When they move into a new home, the Lambert family become increasingly suspicious that they are being haunted by Casper’s worst nightmare. When packing up and moving again doesn’t help and their son falls into a mysterious coma, Josh (Patrick Wilson) and Renai (Rose Byrne) must recruit the services of an old acquaintance and rely upon the unorthodox methods of an ageing medium (Lin Shaye). As the supernatural threat grows more potent, and the shit really starts to hit the metronome, a family secret may hold the only key to their son’s condition in what has suddenly become a desperate race against time.
As somewhat of a connoisseur when it comes to cinematic horror, I like to think I’m braver than I actually am. In fact, the reason that I love the genre so much is that I am one of the most susceptible people I know to Hollywood’s staid horror conventions and recycled scare tactics. Therefore when I say something is scary, I am prone to a rather large margin of error; when I say that something is not, however, you can trust my judgement emphatically.
With that in mind, then, let me first say that Insidious is one of the downright stupidest horror movies I’ve ever seen, with each turn of the plot eliciting a new groan in the knowledge that things are about to get a whole lot sillier. If I was sustaining a cringe throughout, however, it would have been near impossible to tell; safely hidden, as my head was, behind the palm of my quivering, sweat-stained hand. Insidious‘ biggest achievement, and perhaps the only one that counts, is that it doesn’t shy away from less accepted territory and unintentional humour, but embraces them; somehow managing retain a considerable sense of dread regardless.
Marketed as it is as from the creators of Saw and Paranormal Activity, it is easy to see why some people might be disappointed by Insidious‘ apparently blasé attitude to cheese. If I was to compare Insidious to any recent addition to the horror genre it would probably be Sam Raimi’s Drag Me To Hell, with an ending that could be right out of Joe Dante’s The Hole in 3D. You see, rather than using its malevolent spirits with a near tedious restraint, Insidious isn’t going to waste hours of make-up and thousands of dollars of special effects on a few throwaway glimpses, it’s going to flaunt its assets at ever available opportunity.
What this should do – and perhaps to a braver soul, does – is render the audience desensitized, accustomed as they have come to the film’s primary antagonist (a demonic threat that could easily be reduced to Darth Maul running around in a dark room). Director James Wan is so shameless in his desire to scare your popcorn out of its box, however, that his confidence somehow translates into genuine, excruciating terror.

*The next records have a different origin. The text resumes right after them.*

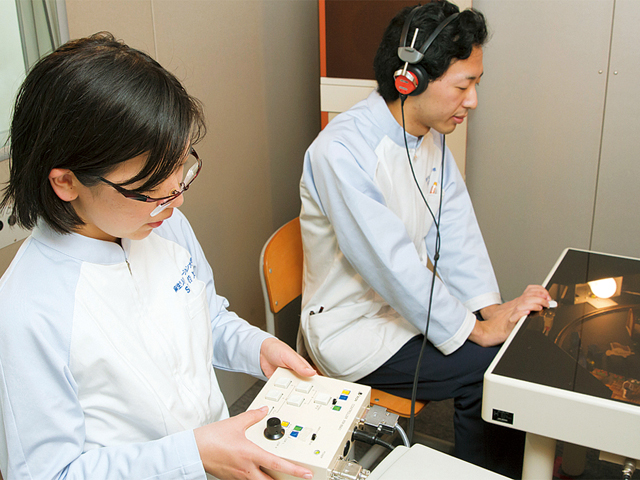 音声・聴覚検査室。外界の騒音を完全に遮断し、発声や発語、聴覚などを観察しながら、分析・検査する最先端のシステムを導入しています。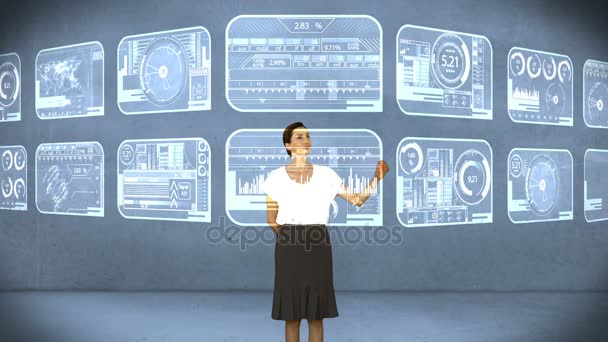 Mulher de negócios usando tela de interface digital — Vídeo de Stock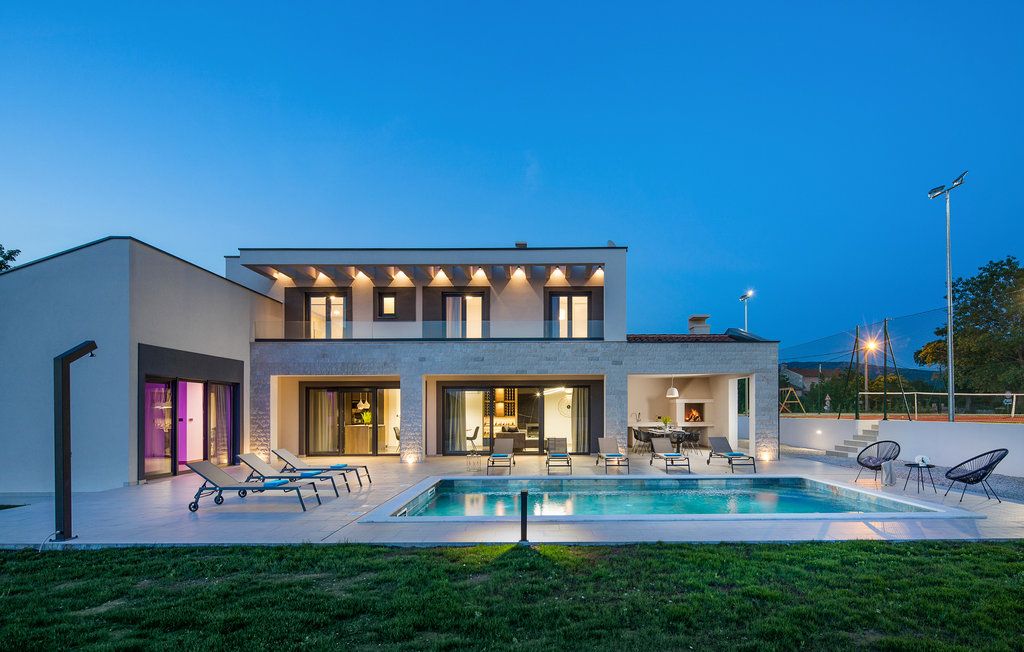 Вилла в Лабине, Хорватия, 232 м² - фото 2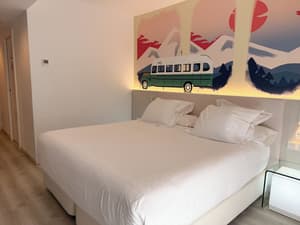 thumbnail: Room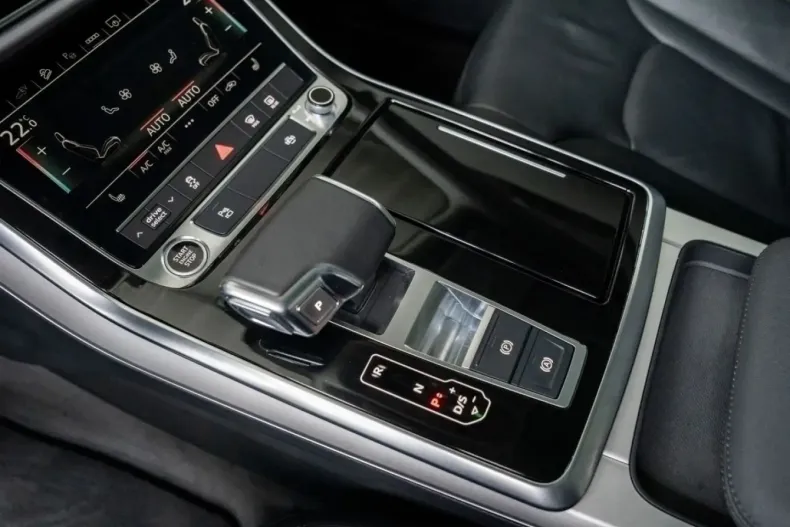 Audi Q8 din 2021 cu 20.999 km - oferta AUD110093 - foto 18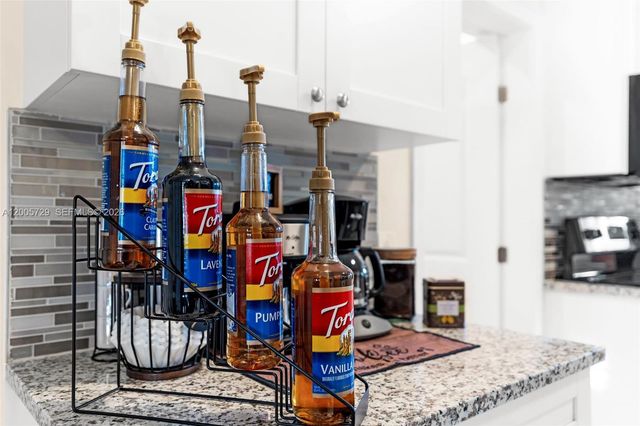 1075 NE 12 AVE 1075, Homestead, FL 33030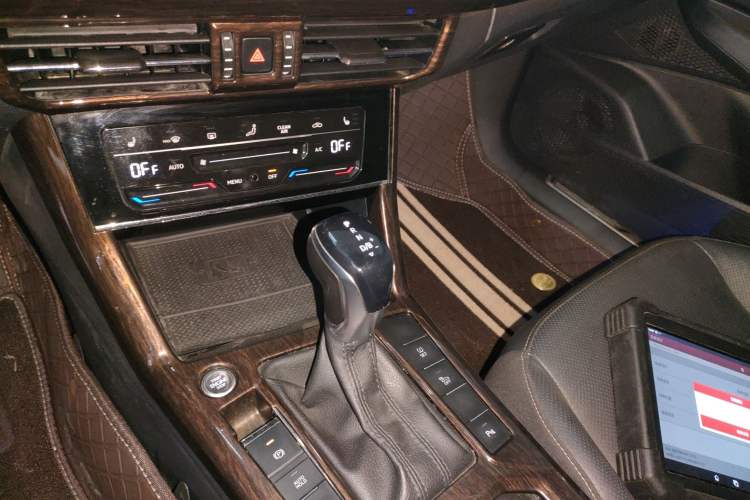 Used Volkswagen Passat New Energy 2020 430 PHEV Hybrid Luxury Edition China VI Standard
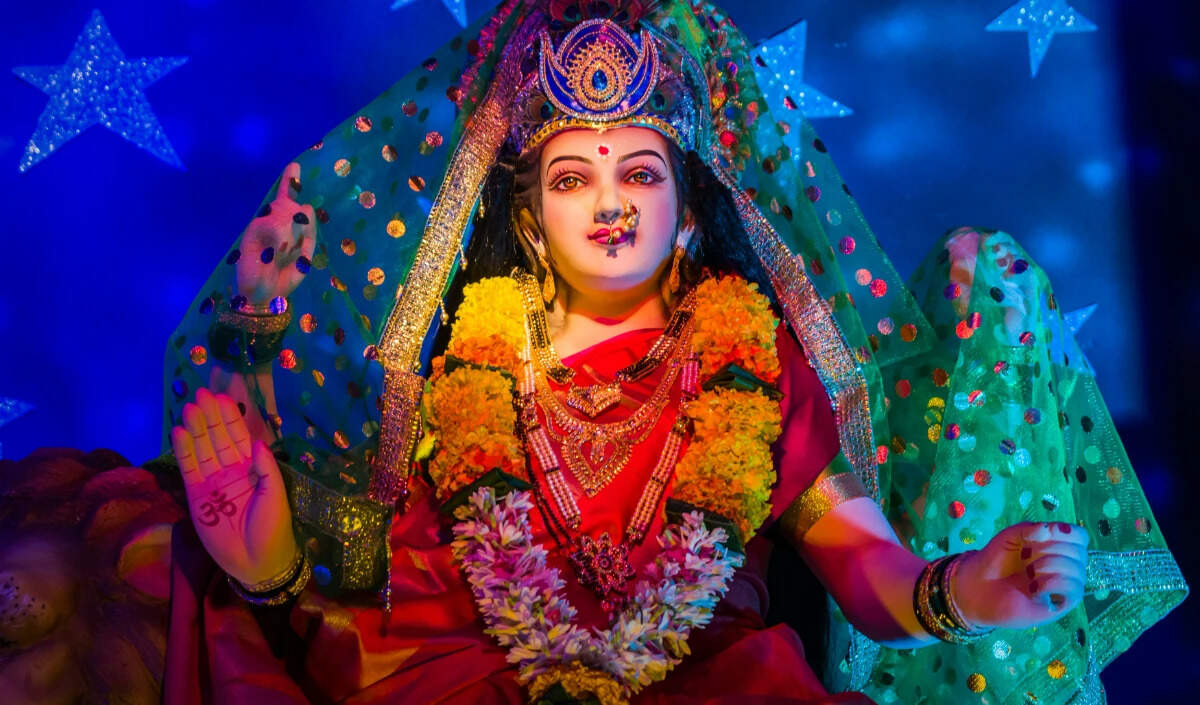 शारदीय नवरात्रि: पूजा के दौरान ध्यान रखने योग्य बातें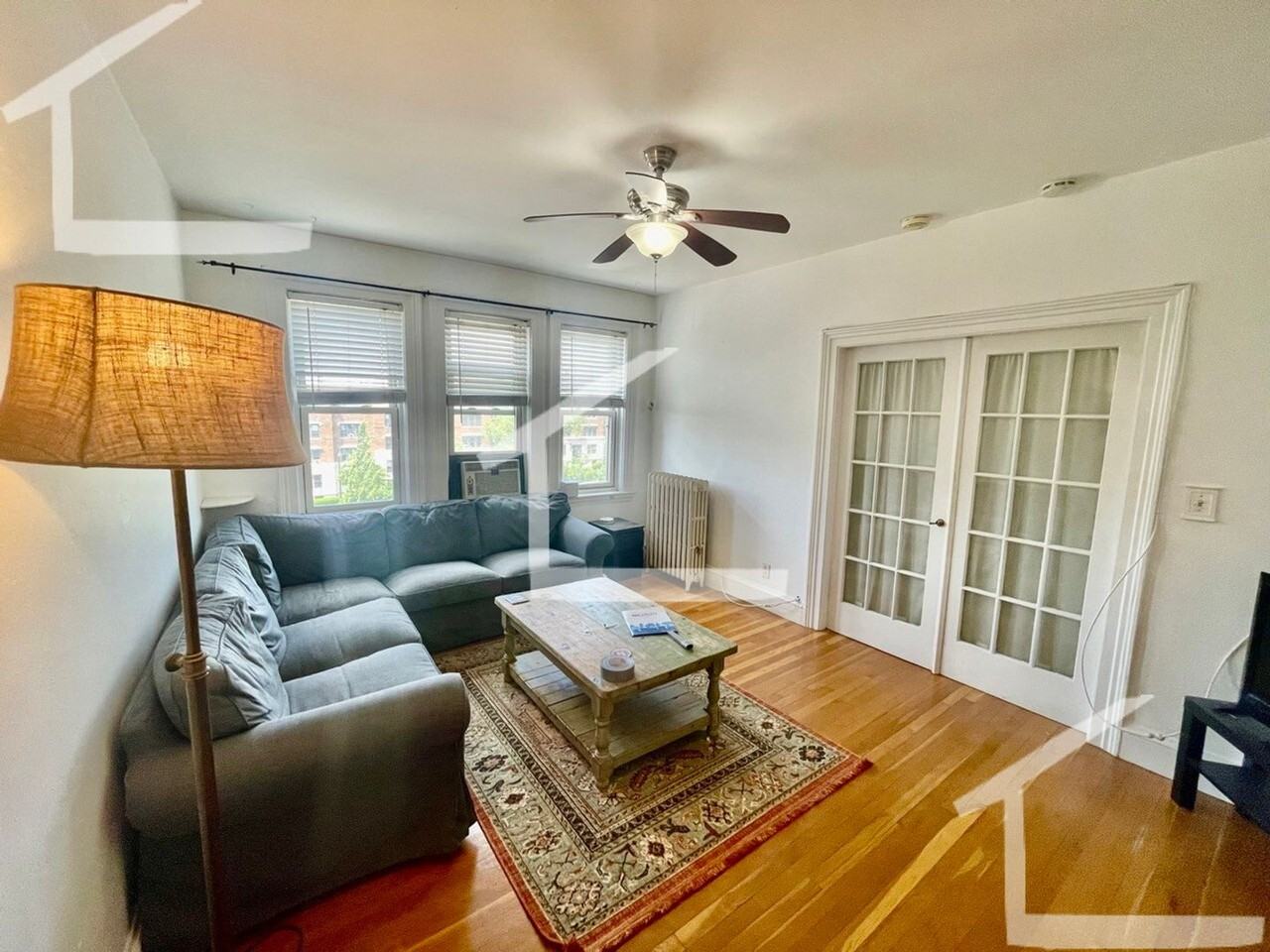 1662 Commonwealth Ave - Photo 4 of 18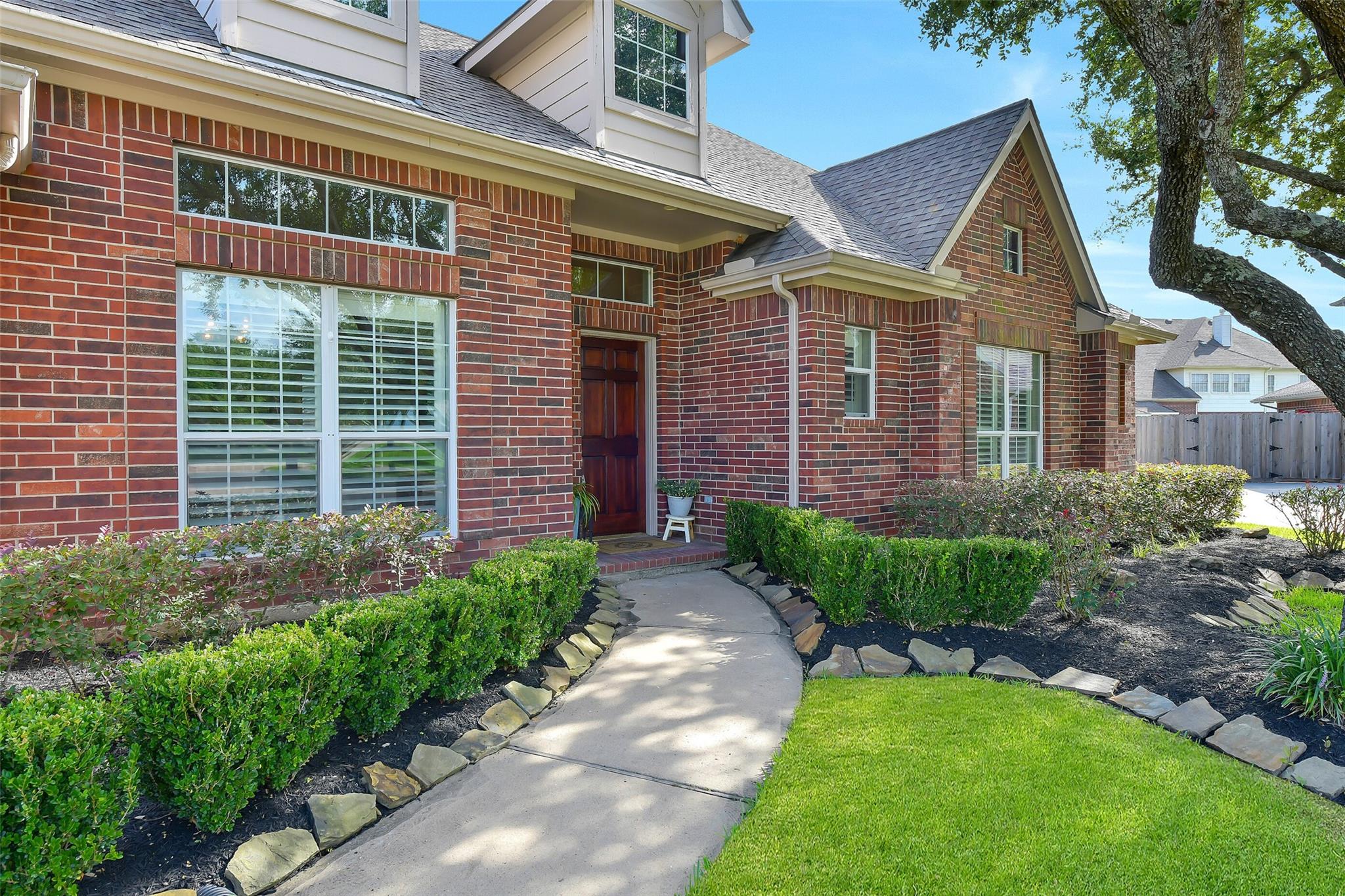 910 High Ridge Circle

As in Drag Me To Hell, Insidious boasts acting that is best described as heightened, particularly when the hauntees turn, inevitably, to the resident psychic. Proceeded by two bumbling ghostbusters, the eventual reveal of our Betty White-a-like continues the film’s attempts at self-sabotaging its own tension, the requirement that she wear a gas mask to perform the climactic séance upping the ridiculous quotient to giddying levels. We really are talking Resident Evil: Apocalypse levels of subtlety as the ghouls come knocking, and yet it all somehow works, completely despite all of the hackneyed talk of astral projection, demonic travellers and The Man With The Red Face – not to mention the final confrontation with Mr. Maul himself.
Whatever Insidious is supposed to be, then: a deadly serious assault on your sleep cycle; a homage to such films as Ringu (our protagonist isn’t particularly photogenic), The Shining (those twin girls really do get around, don’t they?), and Poltergeist (young children should just be outlawed); or simply an unused plot from Buffy or Ghost Whisperer, Insidious is as bonkers – and absolutely terrifying – a film as you are ever likely to see.